Çok daha fazla dış borç, çok daha yavaş büyüme ve yatırımlarda düşüş
Tablodaki değerler çok çarpıcı. İktidardaki partinin işbaşına geçtiği 2003 yılından bu yana gerçekleşen büyüme oranları ile özel yatırım harcamalarındaki artış oranlarını alt dönemler itibariyle karşılaştırıyor bu değerler. Ayrıca, cari işlemler açığının ve net dış finansmanın (net dış borçlanmanın) milli gelire oranları var tabloda. Oldukça basit ama ekonomimizin içinde bulunduğu sorunları anlamak açısından çok yararlı bir tablo.
Dört ayrı dönem itibariyle ortalamalar yer alıyor. Yatırım ve gayri safi yurtiçi hasıla (GSYH) artış oranları için ortalamalar, her çeyrekteki yıllık artış oranlarının ortalamaları. Cari açık ve net dış finansman için verilen ortalamalar ise, herhangi bir çeyrekte bu değişkenlerin aldıkları değerlerin o çeyreğin GSYH’sına oranlarının ortalamaları.
Bir: 2003-2007 döneminde özel yatırımlar hızla artıyor. GSYH büyüme oranımız ise yüzde 7 gibi oldukça yüksek bir oranda. İki: Oysa 2008 ile başlayan dönemin ortalama özel yatırım artışı çok düşük. GSYH büyümesi ise ilk dönemin yarısına düşüyor. Üç: 2012 ile başlayan dönemde özel yatırımlar azalıyor. GSYH büyümesi ise daha da düşüyor. Dört: Cari işlemler açığı ve net dış borçlanma bu seyrin tam tersi bir gelişme gösteriyor.
Lafı uzatmanın anlamı yok: 2008 ve sonrasında, 2003-2007 dönemine kıyasla daha fazla net dış borçlanma yapmamıza rağmen, büyüme oranımız yarı yarıya azalıyor, özel yatırımların artış oranı ise altıda bire düşüyor. 2012 ve sonrasında ise durum, özellikle özel yatırım harcamaları ve net dış borçlanma açısından daha da vahimleşiyor.
Bu yılın ikinci yarısı ile 2015’te bu tablonun olumlu yönde değişme olasılığı var mı? Ne yazık ki yok.

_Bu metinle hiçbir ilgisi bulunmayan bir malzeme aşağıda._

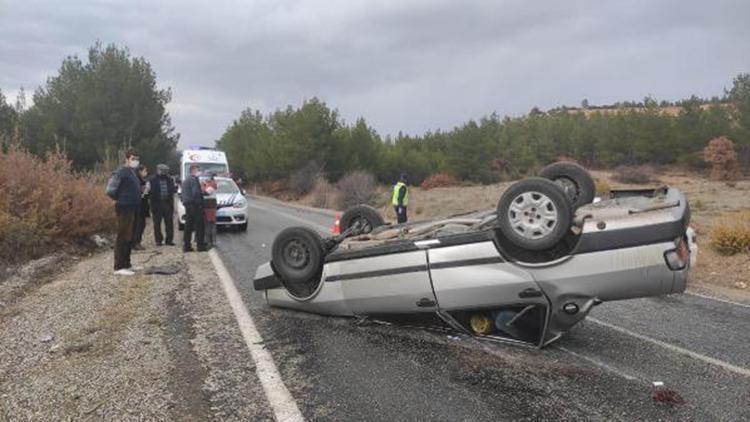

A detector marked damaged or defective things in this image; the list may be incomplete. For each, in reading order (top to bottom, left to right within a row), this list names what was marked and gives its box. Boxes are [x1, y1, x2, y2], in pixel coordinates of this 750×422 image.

overturned silver car [254, 163, 700, 348]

Önce tabloda yer almayan 2014’ün ikinci yarısına bakayım. Üçüncü çeyreğe ilişkin GSYH değerlerini iki hafta sonra öğreneceğiz. Ancak daha önce yayınlanan veriler, 2014’ün GSYH büyüme oranının 2012 ve sonrası dönemdeki ortalama büyüme oranı kadar olacağını ima ediyor. Özel yatırımlardaki düşüş ise daha şiddetli bir düzeyde seyrediyor. Buna karşılık, hem cari açıkta hem de net dış finansmanda bir miktar düşüş olacak. Yine de cari denge 2003-2007 ortalamasının oldukça üzerinde bir açık verecek.
2015’te büyüme oranımızın ne değer alacağı üç unsura bağlı. Yurtdışı finansal piyasalarda gerçekleşmesi en muhtemel senaryo, bizim gibi ülkelere daha az net dış finansman geleceği senaryosu. Bu, büyüme oranımızı düşürücü yönde çalışacak. Buna karşılık, seçim yılı olmasının da etkisiyle kamu harcamaları artabilir ve büyüme oranını yükseltici yönde çalışabilir. Üçüncüsü, yine seçim yılının etkisiyle, tüketici kredilerinin artış oranının yükselmesini engelleyen Bankacılık Düzenleme ve Denetleme Kurumu kararları gevşetilebilir. Bu da büyüme oranını artıracak bir gelişme olur.
Bu üç unsurun büyüme üzerine net etkisi ne olur? Şimdiden belirtmek zor. Zira kamu harcamalarının ne kadar artırılacağına ve kredi kısıtlarının ne kadar gevşetileceğine bağlı. Ama şunlar kolaylıkla belirtilebilir:
Bir: Bu yolla sağlanan büyüme, net dış finansmanın azaldığı bir ortamda Türkiye’nin riskini artırır. İki: Dolayısıyla, bu büyüme artışı kalıcı olmaz.
Bu rahatsızlık verici tablodan kurtulmak isteyen herkesin şapkasını önüne alıp düşünmesi gerekiyor. Düşünmek istemeyen ise 2003-2007 dönemi ile avunmaya çalışabilir.